Plural sections may be selected from the original video.
[0243] Furthermore, if several kinds of the original videos are
present and identification information is individually added to the
videos, the original video identification information may be
described in place of the original video location information.
[0244] FIG. 31 explains an example in which a plurality of original
videos are summarized and displayed by using the frame information
added with the original video location information. In this
example, three videos are summarized to display one summarized
video. With respect to the video 2, in place of the whole section,
two sections 4301 and 4302 are taken out to handle the respective
videos. As the frame information, together with these original
video information, the frame location (4303 with respect to 4301)
of respective representative video is described as the video
location information while the display time (4304 with respect to
4301) is described as the display time information.
[0245] FIG. 32 explains another example in which a plurality of
original videos are summarized and displayed by using the frame
information added with the original video location information. In
this example, three videos are summarized to display one summarized
video. With respect to the video 2, in place of the whole section,
a portion of the section is taken out. A plurality of sections may
be taken out as described in FIG. 31. As the frame information,
together with these items of the original video information (for
example, the section information 4401 in addition to the video 2),
the storage location of respective representative video files 4402
is described as the video location information and the display time
4403 is described as display time information.
[0246] Addition of the original video location information to the
frame information which has been explained in these examples can be
applied completely in the same way to the case in which a set of
frames is used as video location information with the result that a
plurality of original videos are summarized and displayed.
[0247] FIG. 33 shows another data structure for describing the
frame information. In this data structure, in addition to the video
location information 101, the display time information 121 and the
original video information 3701 which has been already explained, a
motion information 4501 and interest region information 4502 are
added. The motion information 4501 describes a magnitude of a
motion (a scene change quantity) in a section (the section
described in the original video information) of the original video
corresponding to the frame information. The interest region
information 4502 refers to a description of the information which
should be particularly interested in the video which is described
in the video location information.
[0248] The motion information can be used for calculating the
display time of the video described in the video location
information as used at the time of calculating the display time
from the motion of the video, as shown in FIG. 22. In this case,
even when the display time information is omitted and only the
motion information is described, special reproduction such as
high-speed reproduction can be conducted in the same manner as in
the case in which the display time is described. In this case, the
display time is calculated at the time of reproduction.
[0249] Both the display time information and the motion information
can be described at the same time.
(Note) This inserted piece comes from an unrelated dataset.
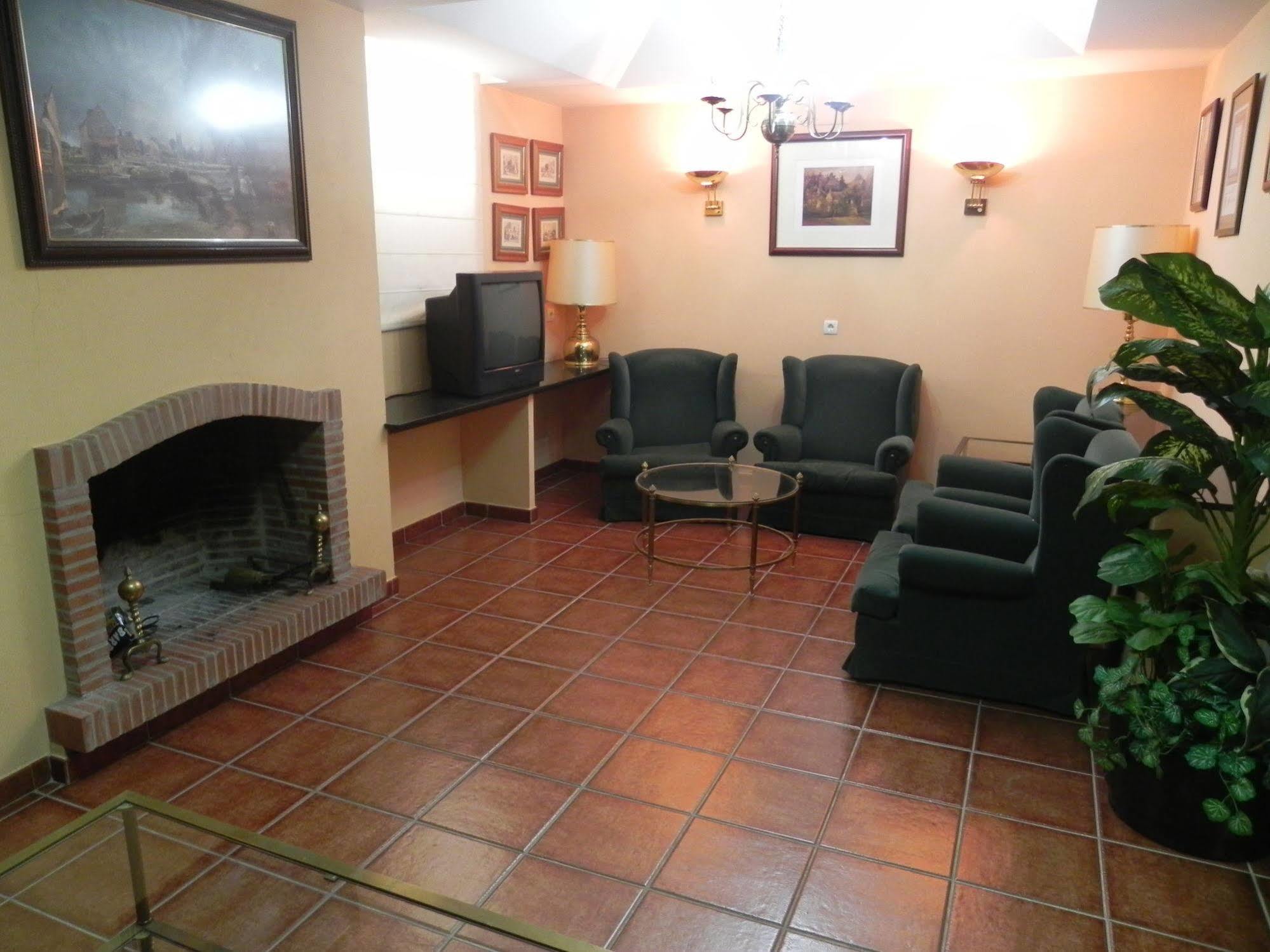 Hotel Sierra De Aracena Ngoại thất bức ảnh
In that case, an application for
displaying uses the required one of the two, or uses both in
combination in accordance with the processing.
[0250] For example, the display time calculated irrespective of the
motion is described in the display time information. A method for
calculating the display time for cutting out important scenes from
the original video corresponds to this. At the time of the
high-speed reproduction of the summarized contents calculated in
this manner, the motion information is used so that a portion with
a large motion is reproduced slowly while a portion with a small
motion is reproduced quickly with the result that a high-speed
reproduction free from a large overlook is enabled.
[0251] The interest region information is used when the
particularly interest region is present in the video described in
the video location information of the frame information. For
example, faces of persons who seem to be important correspond to
this. At the time of displaying the video including such interest
region information, the display may be conducted by overlapping a
square frame so that the interest region can be easily detected.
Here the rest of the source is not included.